* [EXTRACTED RECORDS]
┌──
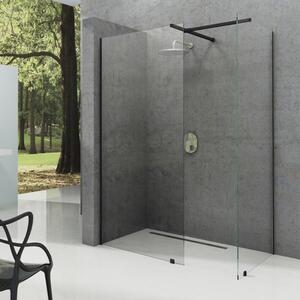 Ravak Walk-In zuhanykabin fal walk-in 80 cm fekete matt üveg/átlátszó üveg GW9W40300Z1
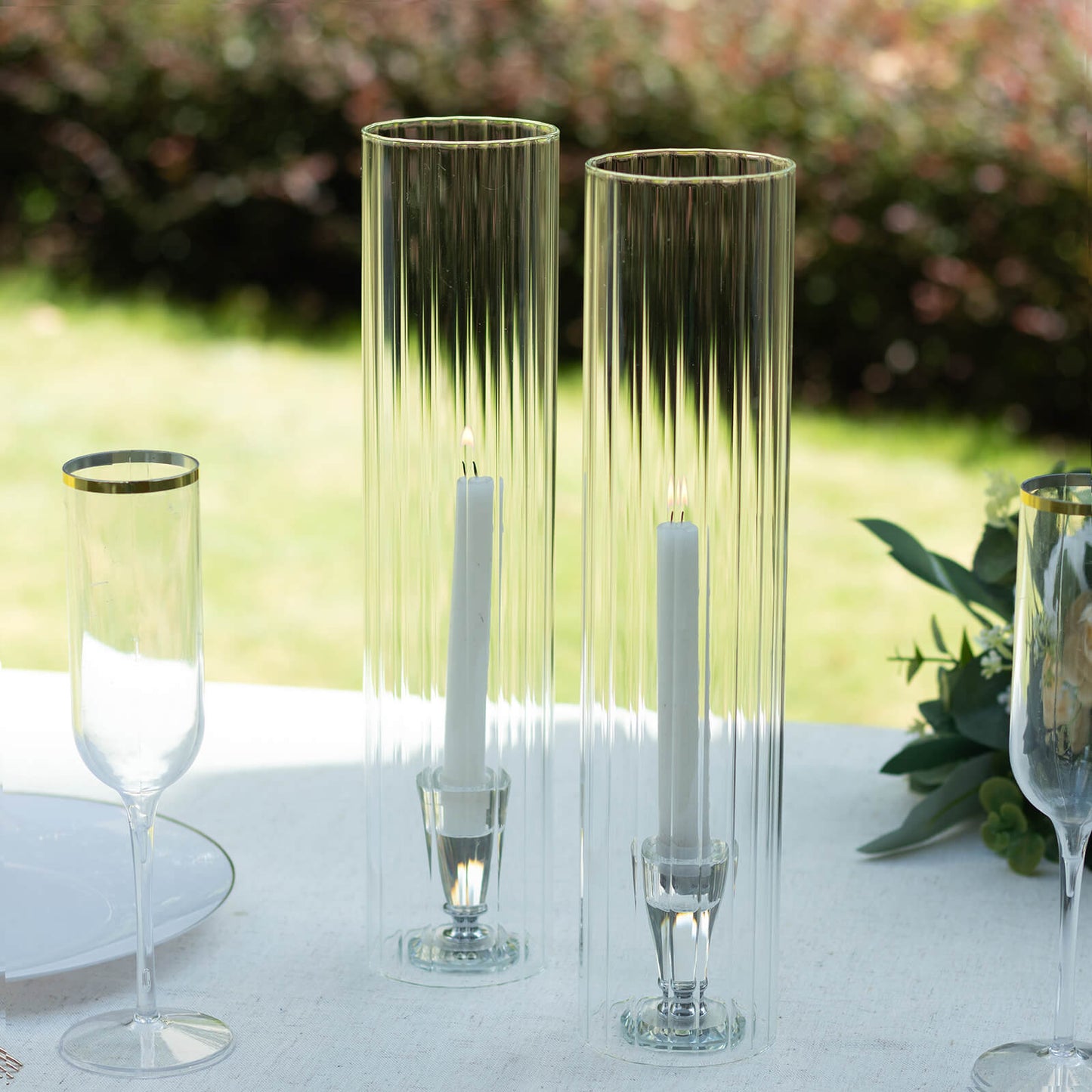 2 Pack Clear Ribbed Candle Holder Glass Shades With Open Ends, Pillar Hurricane Candelabra Candle Shades - 14"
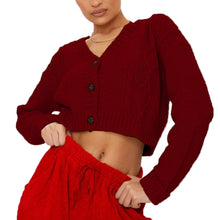 Load image into Gallery viewer, Cable Knitted Cropped Cardigan

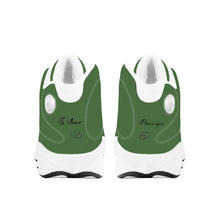 Load image into Gallery viewer, Ti Amo I love you - Exclusive Brand  - Deep Artichoke - Mens / Womens - Unisex  Basketball Shoes - White Laces
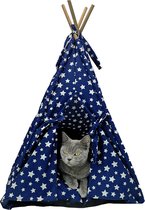Pochon Pet - Tipi Tent met Sterretjes - Blauw Wit - 65 x 50 x 50 cm - Dierentent - Tent voor Huisdieren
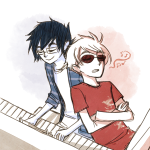  arms_crossed dave_strider head_on_shoulder instrument john_egbert kaia piano 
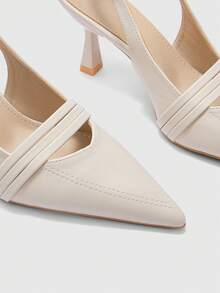CUCCOO BIZCHIC Tacones de punta para mujer, tacones altos versátiles para ir al trabajo y uso diario - Albaricoque - Ver 6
└──
* [AIM OF THE EXERCISE] An exact copy of the lines from the one with "Load image into Gallery viewer, Ti" through the end of the records: produce that and nothing more, leaving out the pictures.

* [OUTPUT]
 Load image into Gallery viewer, Ti Amo I love you - Exclusive Brand  - Deep Artichoke - Mens / Womens - Unisex  Basketball Shoes - White Laces
Pochon Pet - Tipi Tent met Sterretjes - Blauw Wit - 65 x 50 x 50 cm - Dierentent - Tent voor Huisdieren
  arms_crossed dave_strider head_on_shoulder instrument john_egbert kaia piano 
CUCCOO BIZCHIC Tacones de punta para mujer, tacones altos versátiles para ir al trabajo y uso diario - Albaricoque - Ver 6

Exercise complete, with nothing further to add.